(Records provided Opens)

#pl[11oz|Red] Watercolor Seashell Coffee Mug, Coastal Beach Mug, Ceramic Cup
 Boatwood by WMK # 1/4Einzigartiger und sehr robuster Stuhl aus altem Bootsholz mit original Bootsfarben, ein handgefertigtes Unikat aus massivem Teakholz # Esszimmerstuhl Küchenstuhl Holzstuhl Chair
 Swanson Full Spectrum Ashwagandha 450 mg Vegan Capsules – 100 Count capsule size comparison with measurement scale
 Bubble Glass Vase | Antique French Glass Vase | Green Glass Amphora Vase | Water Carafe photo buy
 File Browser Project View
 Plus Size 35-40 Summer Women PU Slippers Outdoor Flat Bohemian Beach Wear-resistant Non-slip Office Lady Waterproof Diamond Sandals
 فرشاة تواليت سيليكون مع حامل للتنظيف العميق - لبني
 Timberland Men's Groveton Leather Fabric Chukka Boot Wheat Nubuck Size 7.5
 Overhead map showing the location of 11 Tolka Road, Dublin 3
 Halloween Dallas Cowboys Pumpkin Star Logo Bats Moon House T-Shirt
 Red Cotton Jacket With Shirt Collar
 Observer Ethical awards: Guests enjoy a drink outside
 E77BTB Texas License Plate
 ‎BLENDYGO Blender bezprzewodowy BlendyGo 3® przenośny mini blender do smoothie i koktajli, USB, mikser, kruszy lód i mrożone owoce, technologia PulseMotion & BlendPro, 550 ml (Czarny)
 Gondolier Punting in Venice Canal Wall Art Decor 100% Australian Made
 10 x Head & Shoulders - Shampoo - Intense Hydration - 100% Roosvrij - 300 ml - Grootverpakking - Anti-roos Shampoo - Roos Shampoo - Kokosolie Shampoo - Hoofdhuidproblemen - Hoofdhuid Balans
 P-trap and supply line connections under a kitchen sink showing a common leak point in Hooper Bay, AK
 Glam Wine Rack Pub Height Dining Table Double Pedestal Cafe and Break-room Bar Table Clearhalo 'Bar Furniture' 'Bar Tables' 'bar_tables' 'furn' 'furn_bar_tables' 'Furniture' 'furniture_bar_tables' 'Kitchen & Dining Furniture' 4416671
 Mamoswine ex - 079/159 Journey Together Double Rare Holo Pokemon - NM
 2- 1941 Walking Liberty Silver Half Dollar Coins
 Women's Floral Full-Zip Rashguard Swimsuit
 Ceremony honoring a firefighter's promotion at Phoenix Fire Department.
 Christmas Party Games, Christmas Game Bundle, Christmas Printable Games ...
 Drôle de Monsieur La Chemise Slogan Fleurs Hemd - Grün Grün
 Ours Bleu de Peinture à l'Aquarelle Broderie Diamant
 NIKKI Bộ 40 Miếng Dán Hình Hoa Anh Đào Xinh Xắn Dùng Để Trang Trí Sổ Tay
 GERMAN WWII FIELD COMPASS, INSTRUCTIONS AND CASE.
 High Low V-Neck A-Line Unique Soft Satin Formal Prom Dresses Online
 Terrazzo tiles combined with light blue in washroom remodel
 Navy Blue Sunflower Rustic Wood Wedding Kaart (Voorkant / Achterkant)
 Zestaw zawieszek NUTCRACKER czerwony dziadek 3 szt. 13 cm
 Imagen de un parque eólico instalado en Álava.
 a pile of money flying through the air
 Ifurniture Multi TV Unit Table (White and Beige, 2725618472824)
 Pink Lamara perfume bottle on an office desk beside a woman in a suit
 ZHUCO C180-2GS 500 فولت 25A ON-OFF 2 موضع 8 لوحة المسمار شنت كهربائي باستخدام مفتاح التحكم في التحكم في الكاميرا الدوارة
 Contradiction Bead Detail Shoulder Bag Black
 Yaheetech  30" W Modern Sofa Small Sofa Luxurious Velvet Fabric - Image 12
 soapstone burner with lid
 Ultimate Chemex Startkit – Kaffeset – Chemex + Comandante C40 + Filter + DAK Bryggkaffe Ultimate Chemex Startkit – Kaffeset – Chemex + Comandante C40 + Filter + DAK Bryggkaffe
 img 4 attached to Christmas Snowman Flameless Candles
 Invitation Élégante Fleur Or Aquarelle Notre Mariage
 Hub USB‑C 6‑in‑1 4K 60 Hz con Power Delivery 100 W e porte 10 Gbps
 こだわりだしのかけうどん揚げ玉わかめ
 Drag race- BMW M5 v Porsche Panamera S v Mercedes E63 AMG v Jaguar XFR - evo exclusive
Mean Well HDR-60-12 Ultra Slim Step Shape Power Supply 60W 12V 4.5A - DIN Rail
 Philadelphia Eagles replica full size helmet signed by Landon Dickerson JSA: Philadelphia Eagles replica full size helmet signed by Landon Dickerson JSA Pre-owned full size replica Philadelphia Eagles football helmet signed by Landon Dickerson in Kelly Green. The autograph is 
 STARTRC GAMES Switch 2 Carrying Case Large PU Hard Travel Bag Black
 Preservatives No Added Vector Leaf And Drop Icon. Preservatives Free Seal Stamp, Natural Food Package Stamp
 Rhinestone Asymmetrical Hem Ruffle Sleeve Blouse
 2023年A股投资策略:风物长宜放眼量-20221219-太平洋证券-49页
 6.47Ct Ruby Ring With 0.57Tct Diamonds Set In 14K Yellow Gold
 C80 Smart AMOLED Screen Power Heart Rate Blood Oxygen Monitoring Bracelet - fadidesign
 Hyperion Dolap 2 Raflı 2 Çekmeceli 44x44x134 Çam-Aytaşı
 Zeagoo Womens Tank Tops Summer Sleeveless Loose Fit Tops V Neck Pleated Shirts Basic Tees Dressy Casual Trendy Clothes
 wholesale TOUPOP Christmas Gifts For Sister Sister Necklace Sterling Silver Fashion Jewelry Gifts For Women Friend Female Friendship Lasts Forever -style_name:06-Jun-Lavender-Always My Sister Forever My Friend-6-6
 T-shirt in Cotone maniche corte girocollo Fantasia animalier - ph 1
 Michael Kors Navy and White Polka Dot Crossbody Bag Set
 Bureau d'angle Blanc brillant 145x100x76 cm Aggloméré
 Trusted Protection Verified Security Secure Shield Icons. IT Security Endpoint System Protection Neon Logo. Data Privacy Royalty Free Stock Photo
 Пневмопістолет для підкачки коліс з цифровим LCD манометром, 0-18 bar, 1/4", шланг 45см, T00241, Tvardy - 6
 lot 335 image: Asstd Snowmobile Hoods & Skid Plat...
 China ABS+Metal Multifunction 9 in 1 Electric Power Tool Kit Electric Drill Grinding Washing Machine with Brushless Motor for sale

(Records provided Closes)

Output the material above exactly, but only from the line that carries "Boatwood by WMK" through the line that carries "Swanson Full Spectrum".

Your solution
 Boatwood by WMK # 1/4Einzigartiger und sehr robuster Stuhl aus altem Bootsholz mit original Bootsfarben, ein handgefertigtes Unikat aus massivem Teakholz # Esszimmerstuhl Küchenstuhl Holzstuhl Chair
 Swanson Full Spectrum Ashwagandha 450 mg Vegan Capsules – 100 Count capsule size comparison with measurement scale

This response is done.